Thank you for this invaluable information. It did touch me as I was once down at the bottom of the poverty line. College was hard and my earnings did not reach $10,000 annually. I remember days where I had to live on a $1 bill for a month. I am not exaggerating at all.

Thankfully, this is no longer the case for me. Yet, the lack of desire of hiring a person with a blindness was a major factor during that period of time. Add on top of it the lack of a college degree and you get a mix of absolute denial by employers. That was one of the reasons why I started my own business back in 2004. Even with that, I had customers backing off once they learned that I had a sight impairment. Obviously that was not the case when I was fully sighted. It sounds funny, but I earned more money as a sighted kid helping my dad with construction work in a third world country. Yet, as a totally blind smart individual, I had a very difficult time finding work in the States, which is considered the most advanced country.

Again, I just wanted to share my first-hand experience to attest to the accuracy of this documentation. I still run into shows that set off money raising campaigns to raise money for non-profit organizations for people with disabilities around the world. They showcase individuals with disabilities that have different talents. Their talents put me to shame as they perform various types of shows that are mind blowing.

I recently heard of a female employee that was hired by a director who believed in employing people with disabilities. Yet, due to the inaccessible UI of the company's HR system, JAWS did her no good. A friend from HR reached out to me to find out how we can help her out.

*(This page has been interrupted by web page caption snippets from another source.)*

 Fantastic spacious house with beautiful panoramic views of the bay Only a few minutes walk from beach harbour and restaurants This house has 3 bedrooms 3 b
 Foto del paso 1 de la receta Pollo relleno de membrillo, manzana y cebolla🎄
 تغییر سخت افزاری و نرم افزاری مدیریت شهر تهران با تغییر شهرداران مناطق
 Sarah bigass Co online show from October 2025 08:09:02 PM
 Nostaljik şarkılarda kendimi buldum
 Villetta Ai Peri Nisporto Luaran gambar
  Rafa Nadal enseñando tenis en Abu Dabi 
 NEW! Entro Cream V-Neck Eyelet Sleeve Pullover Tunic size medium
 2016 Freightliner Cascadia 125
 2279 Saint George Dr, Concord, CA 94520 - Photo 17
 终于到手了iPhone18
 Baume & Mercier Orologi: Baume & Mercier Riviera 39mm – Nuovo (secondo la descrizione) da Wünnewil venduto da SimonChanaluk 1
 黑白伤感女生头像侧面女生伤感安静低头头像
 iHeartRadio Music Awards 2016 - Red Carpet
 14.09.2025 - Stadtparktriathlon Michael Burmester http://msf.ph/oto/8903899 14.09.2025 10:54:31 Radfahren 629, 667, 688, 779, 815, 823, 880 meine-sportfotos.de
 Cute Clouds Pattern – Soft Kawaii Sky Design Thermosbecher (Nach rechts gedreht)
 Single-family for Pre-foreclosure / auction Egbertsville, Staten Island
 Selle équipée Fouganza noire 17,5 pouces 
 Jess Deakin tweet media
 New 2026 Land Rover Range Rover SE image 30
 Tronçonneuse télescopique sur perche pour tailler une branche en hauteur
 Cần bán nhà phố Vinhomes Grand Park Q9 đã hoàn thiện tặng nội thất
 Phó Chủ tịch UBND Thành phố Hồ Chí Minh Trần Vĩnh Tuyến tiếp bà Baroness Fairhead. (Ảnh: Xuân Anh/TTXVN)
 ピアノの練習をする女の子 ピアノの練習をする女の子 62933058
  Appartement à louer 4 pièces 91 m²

That shows that even employers are between a rock and a hard spot as well. Some they want to do the right thing, but their applications have inaccessible UIs. They spend money on JAWS and other ATs to find out that they hit a dead-end.

My intention is not to put the blame on any party, rather to increase your cry for accessible UIs. I was playing around with .NET over the weekend and I created a fully accessible Windows app because of the Accessibility class in .NET that can be added to the form fields just by modifying some properties of each object. Personally, I don't see no reason of having an application being progressed to production without Inclusive Design in mind.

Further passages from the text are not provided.